[Bug] Undeterministic Batch Formation
sunggg opened this issue · comments
The default run for serve/tests/test_engine.py
first adds 4 requests and then start the engine.
I expected this would form single prefill batch with 4 requests.
However, it shows non-deterministic behavior, sometimes it forms two prefill batches of 2 requests each, sometimes it forms two prefill batches of 1/3 requests each.
Debug log does not provide any useful information.
@elvin-n will take a look.
I think this is inherent to async request add / batch creation in staging engine. Not sure if we can make it deterministic @yelite
I think this is inherent to async request add / batch creation in staging engine. Not sure if we can make it deterministic @yelite
But that test adds requests one by one in a for loop, and the engine push requests to queues before they reach to the worker batch. I don't see anything obvious in that code path which would create undeterministic behavior.

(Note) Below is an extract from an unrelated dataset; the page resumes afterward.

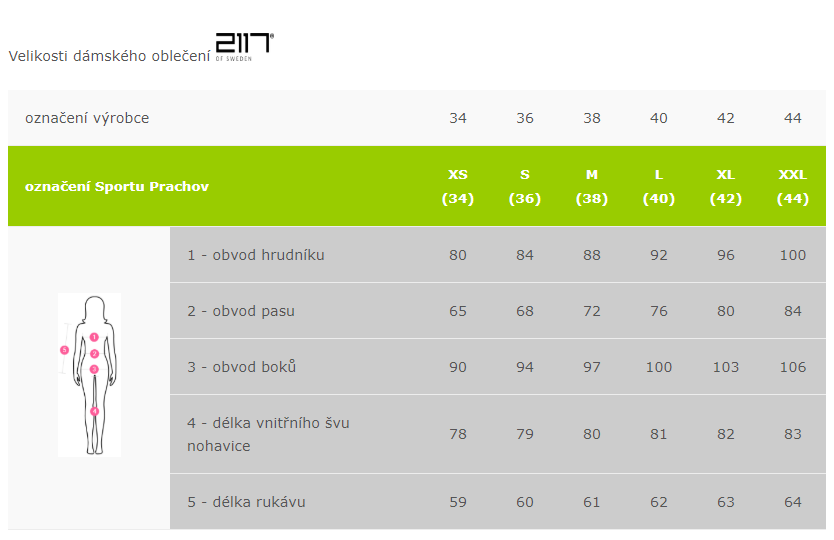 2117 dámské oblečení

By "async" I meant the request arrives to the worker via AddRequestsCommand
and I think that's done asynchronously with worker.step()
?
By "async" I meant the request arrives to the worker via
AddRequestsCommand
and I think that's done asynchronously withworker.step()
?
Yes that's async and very likely to be the cause of undeterministic batch here. I don't have a good way to fix this without impacting the performance.

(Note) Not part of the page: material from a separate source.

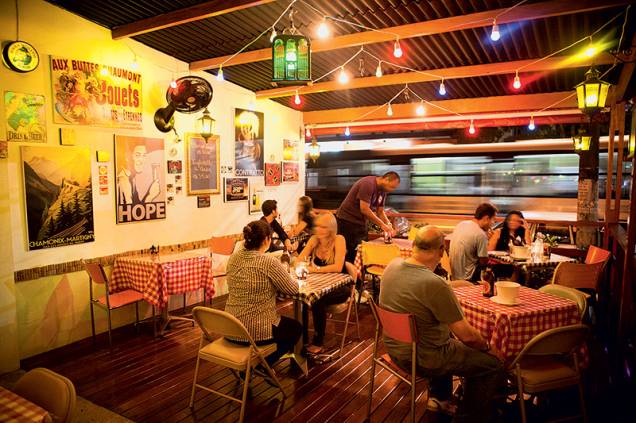 O pequeno salão: clima informal O pequeno salão: clima informal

In #193 I plan to remove the sync engine, but add some flags to the staging engine to run things in a more synchronous way, so we can have more deterministic behavior in unit tests if it's necessary.
There are three use cases:
- Explicit creation of the SynchronousInferenceEngine and usage its method add/step directly. It will have completely determined behaviour and I have not seen that
serve/tests/test_engine.py
process different number of requests than 4. - Usage of AsyncEngineConnector. It will create async point and even for SynchronousInferenceEngine behaviour cannot be deterministic
- Usage of StagingInferenceEngine in any mode adds one more point of async for submitting of requests in the second process
2 and 3 async points were added by design, helps in real situation and cannot be removed. The only predictable flow can be with Sync engine and explicit call of add/step.